- REQUIREMENT -
Copy exactly the lines of the data below that run from the line holding "O ^] Ăh~ X[u" through the line holding "The Pilgrim's Progress", both ends included.

- DATASET RECORDS -
- - - - - - -

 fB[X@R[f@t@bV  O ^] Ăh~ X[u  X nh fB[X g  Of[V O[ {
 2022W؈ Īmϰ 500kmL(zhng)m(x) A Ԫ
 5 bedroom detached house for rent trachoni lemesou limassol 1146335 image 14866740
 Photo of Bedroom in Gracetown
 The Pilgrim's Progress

- - - - - - -

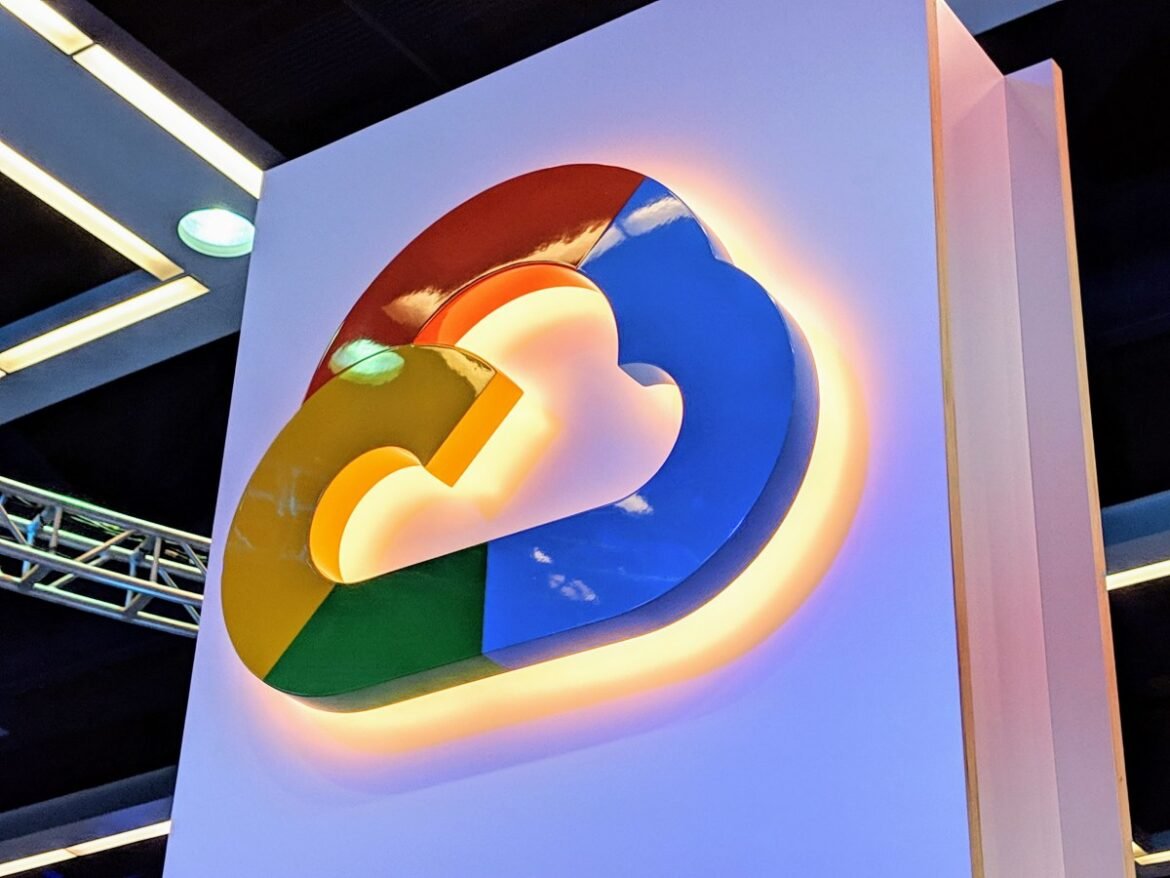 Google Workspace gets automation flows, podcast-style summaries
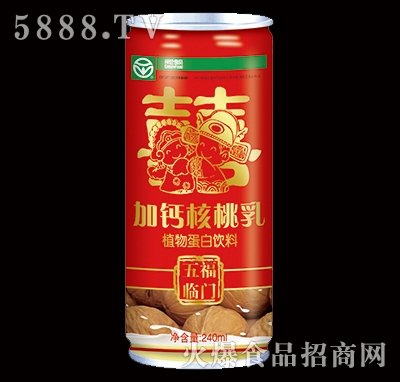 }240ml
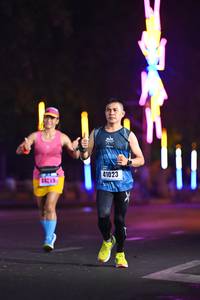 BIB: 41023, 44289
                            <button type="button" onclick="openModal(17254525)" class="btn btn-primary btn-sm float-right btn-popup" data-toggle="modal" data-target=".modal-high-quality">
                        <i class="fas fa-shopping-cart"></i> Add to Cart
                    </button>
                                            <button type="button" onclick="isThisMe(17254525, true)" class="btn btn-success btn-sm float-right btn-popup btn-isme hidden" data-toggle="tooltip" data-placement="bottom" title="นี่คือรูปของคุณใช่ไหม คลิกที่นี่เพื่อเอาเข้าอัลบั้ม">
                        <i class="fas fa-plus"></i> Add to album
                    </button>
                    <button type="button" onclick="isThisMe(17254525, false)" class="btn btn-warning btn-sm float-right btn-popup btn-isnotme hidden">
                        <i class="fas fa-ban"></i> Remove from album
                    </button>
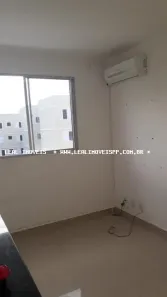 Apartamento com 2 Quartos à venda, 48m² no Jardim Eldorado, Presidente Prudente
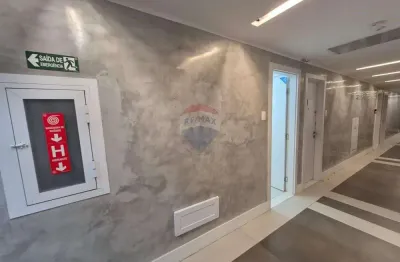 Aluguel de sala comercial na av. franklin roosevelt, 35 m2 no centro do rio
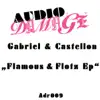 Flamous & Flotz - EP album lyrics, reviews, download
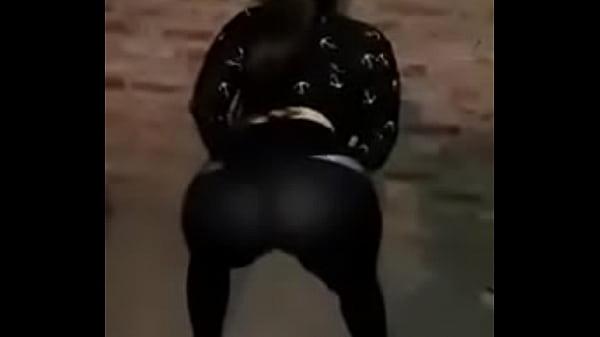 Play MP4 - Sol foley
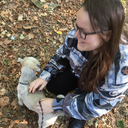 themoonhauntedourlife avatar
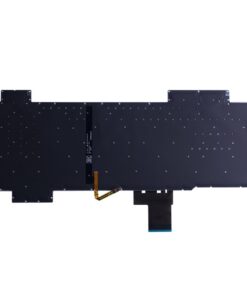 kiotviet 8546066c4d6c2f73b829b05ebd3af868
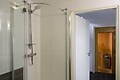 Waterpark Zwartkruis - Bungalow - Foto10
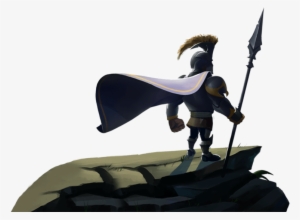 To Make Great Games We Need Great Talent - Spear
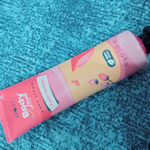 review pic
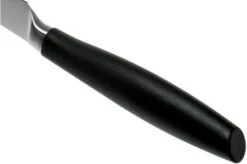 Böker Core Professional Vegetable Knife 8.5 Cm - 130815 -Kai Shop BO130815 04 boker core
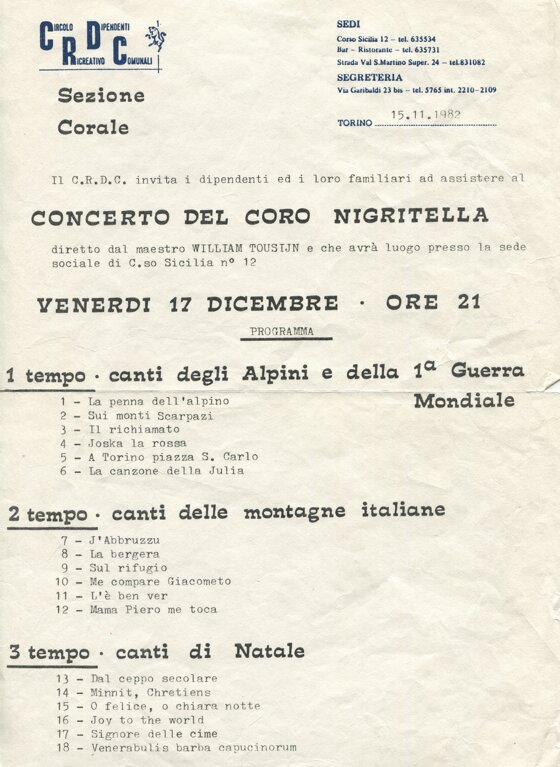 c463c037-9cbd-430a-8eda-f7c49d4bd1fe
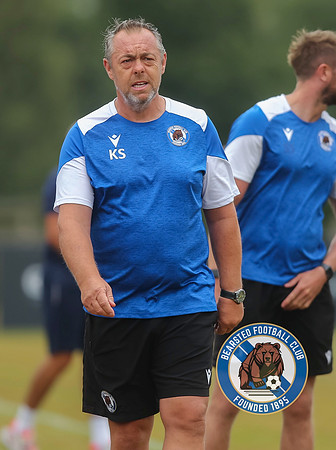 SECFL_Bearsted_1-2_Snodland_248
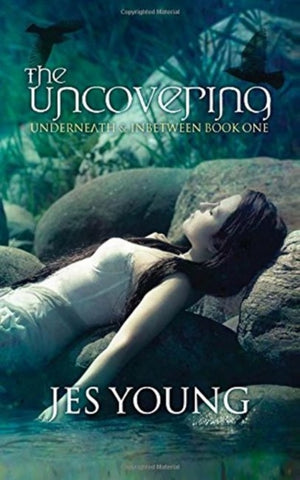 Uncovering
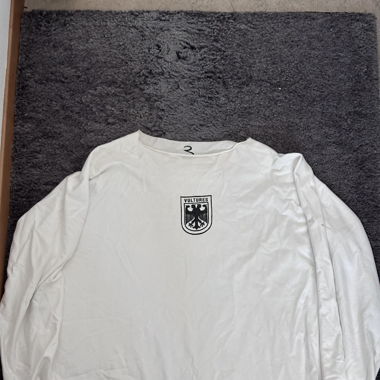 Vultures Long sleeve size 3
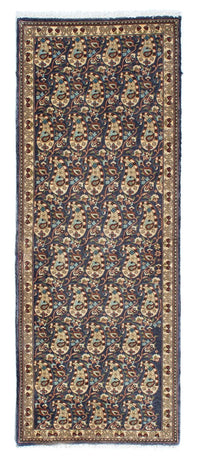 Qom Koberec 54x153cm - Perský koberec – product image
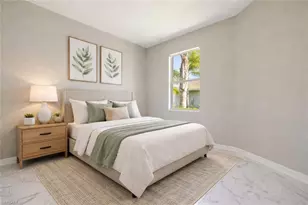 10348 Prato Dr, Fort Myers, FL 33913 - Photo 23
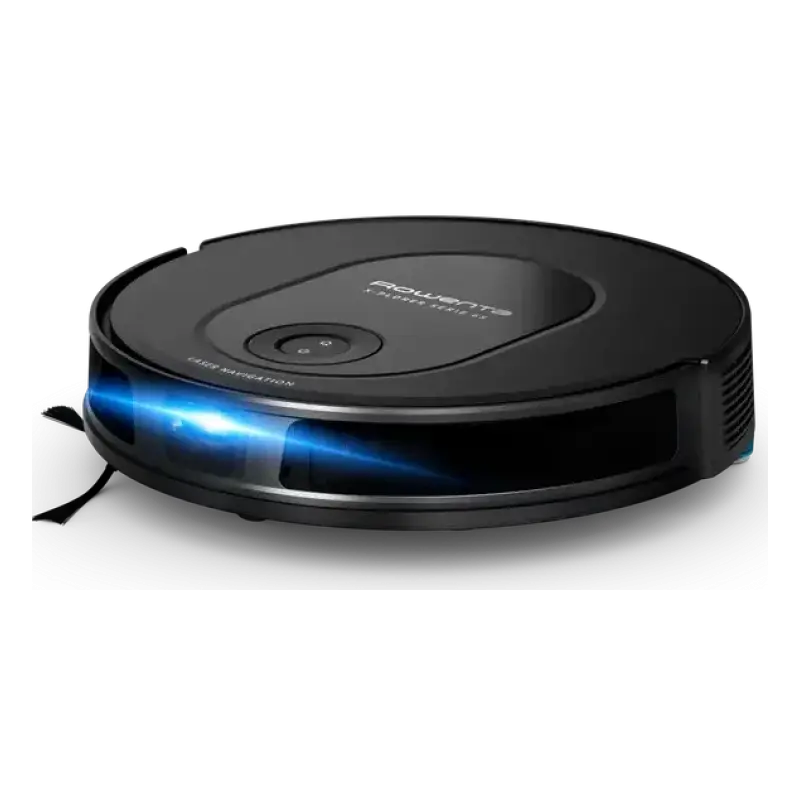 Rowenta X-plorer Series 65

- - - - - - -

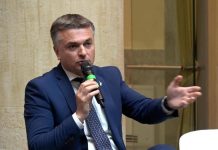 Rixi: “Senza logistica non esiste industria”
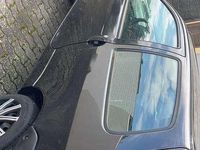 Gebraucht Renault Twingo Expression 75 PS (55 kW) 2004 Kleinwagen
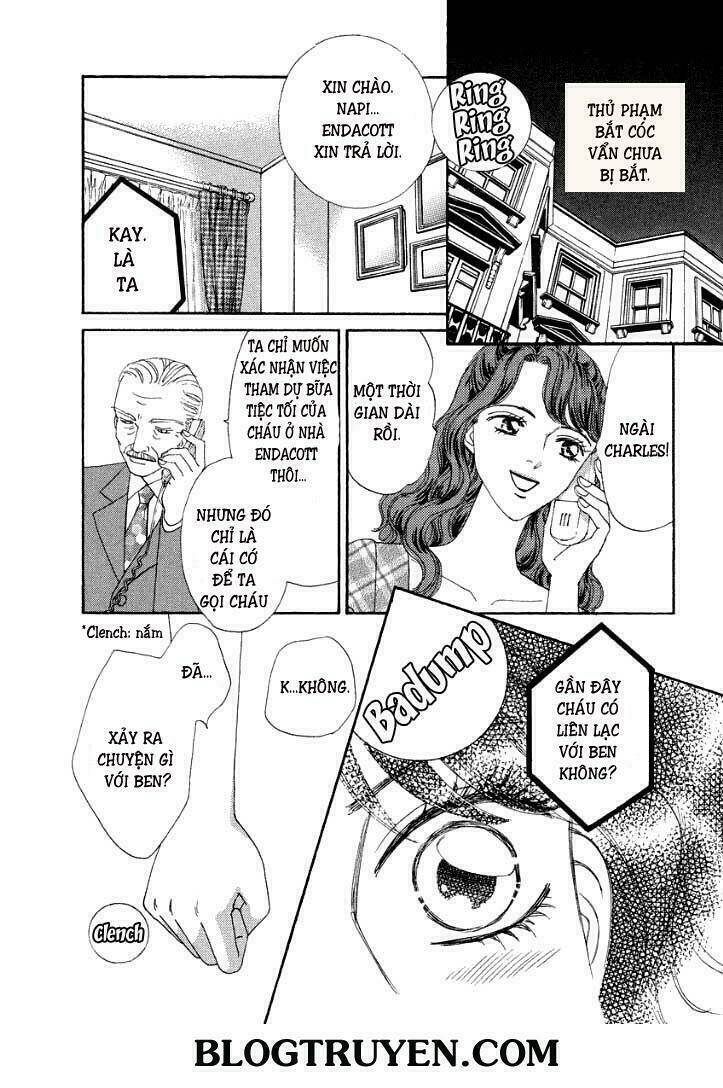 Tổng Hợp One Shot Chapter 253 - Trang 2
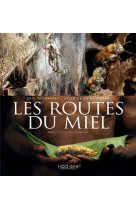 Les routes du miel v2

- - - - - - -

- ANSWER -
 fB[X@R[f@t@bV  O ^] Ăh~ X[u  X nh fB[X g  Of[V O[ {
 2022W؈ Īmϰ 500kmL(zhng)m(x) A Ԫ
 5 bedroom detached house for rent trachoni lemesou limassol 1146335 image 14866740
 Photo of Bedroom in Gracetown
 The Pilgrim's Progress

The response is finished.